As shown in Figure 8, the DAE contains three parts: a Dropout, an Encoder and a Decoder. The network output maps the hidden representation of corrupted h back to a reconstruction $\widehat{h}$. Our DAE model takes the merged feature h as the input and corrupts it by a Dropout layer Drop(·), then the Encoder Enc(·) maps it to a lower dimension space and Decoder Dec(·) maps it back to merged feature space. After that, the hidden features learned from autoencoders are utilized as inputs for the regression model for stride-length estimation:

$$h=\left[\begin{array}{c}\mathrm{H}\left(Acc\right)\\ \mathrm{H}\left(Gyr\right)\\ Feats\end{array}\right]$$

(17)

$$\widehat{h}=\mathrm{Dec}\left(\mathrm{Enc}\left(\mathrm{Drop}\left(h\right)\right)\right)$$

(18)

Given a merged feature $h$, the DAE trains the Encoder and Decoder to minimize the reconstruction error, which corresponds to minimize the following objective function:

$$J_{DAE}\left(h,\widehat{h}\right)=\frac{1}{2M}{\displaystyle \sum _{i=1}^M{\left(h_i-{\widehat{h}}_i\right)}^2}$$

(19)

2.4.3. Stride-Length Regression

As shown in Figure 9, once the DAE is built, the actual stride-length is utilized to train the supervised regression layer that estimates the stride-length of pedestrian. The global objective of the regression layer is to minimize the error loss function J(D,G) between the actual stride-length and the estimated value:

$$\widehat{y}=\mathrm{G}\left(\mathrm{Enc}\left(\mathrm{Drop}\left(h\right)\right)\right)$$

(20)

$$J\left(D,\mathrm{G}\right)=\frac{1}{2N}{\displaystyle \sum _{i=1}^N{\left(y_i-{\widehat{y}}_i\right)}^2}$$

(21)

where y_i is the actual stride-length corresponding to the input D. ${\widehat{y}}_i$ is the stride-length estimation from the regression layer. G(·) is the regression module in the final regression model. The minimization is realized by the RMS propagation which often used in the training of neural networks.

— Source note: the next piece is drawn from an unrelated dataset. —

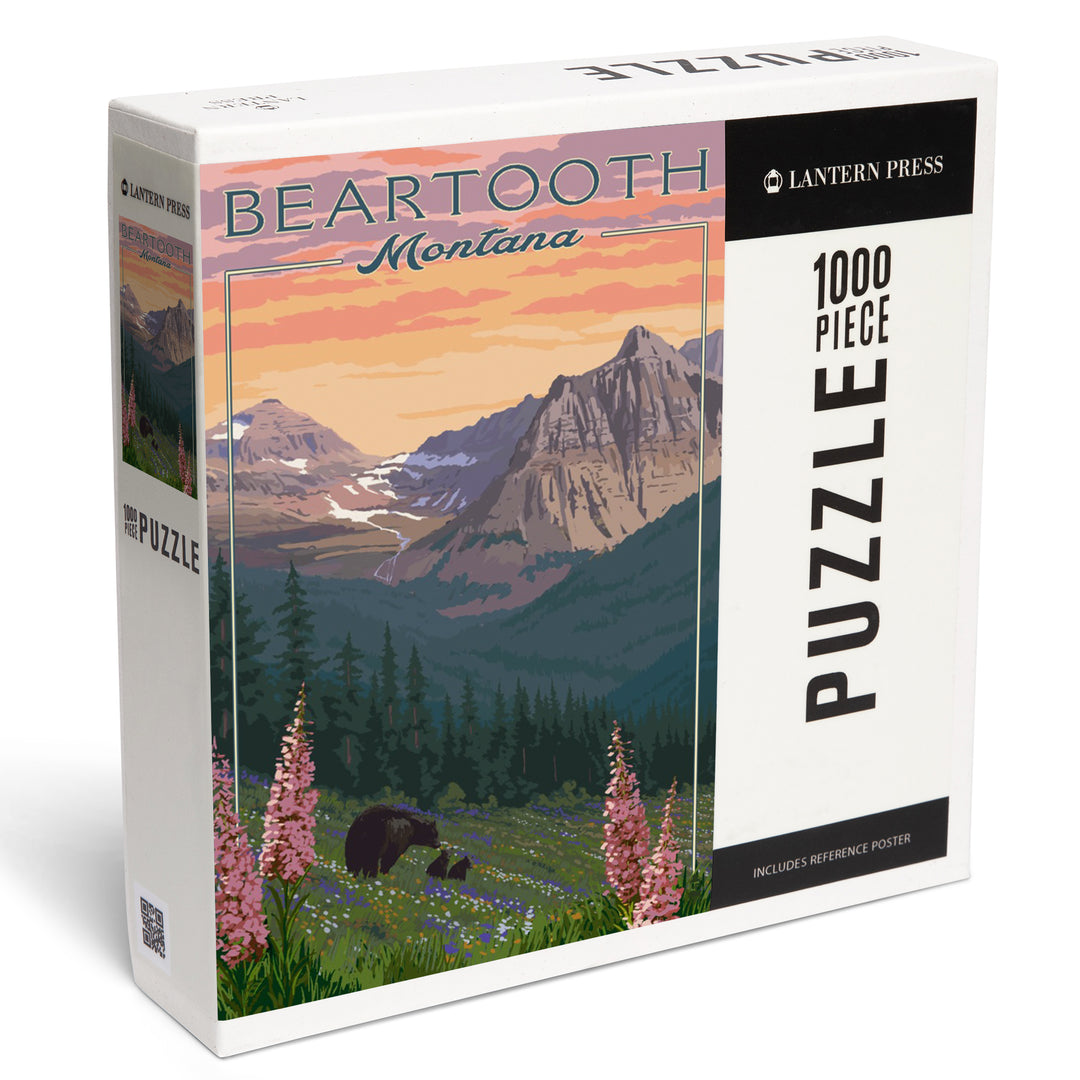 Beartooth, Montana, Painterly, Bear and Spring Flowers, 1000 Piece Jigsaw Puzzle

Algorithm 1 depicts the complete procedures of the proposed stride-length estimation method. The algorithm takes a set of training samples with the corresponding actual stride-length as input to train the network. The accelerometer readings and gyroscope readings are divided into segments by stride event. The fixed length of stride data is fed to LSTM-DAE network. The actual stride-length is used to train the regression layer on the top of the network. Once the training is done, the LSTM-DAE model will be used to predict the stride-length of pedestrian.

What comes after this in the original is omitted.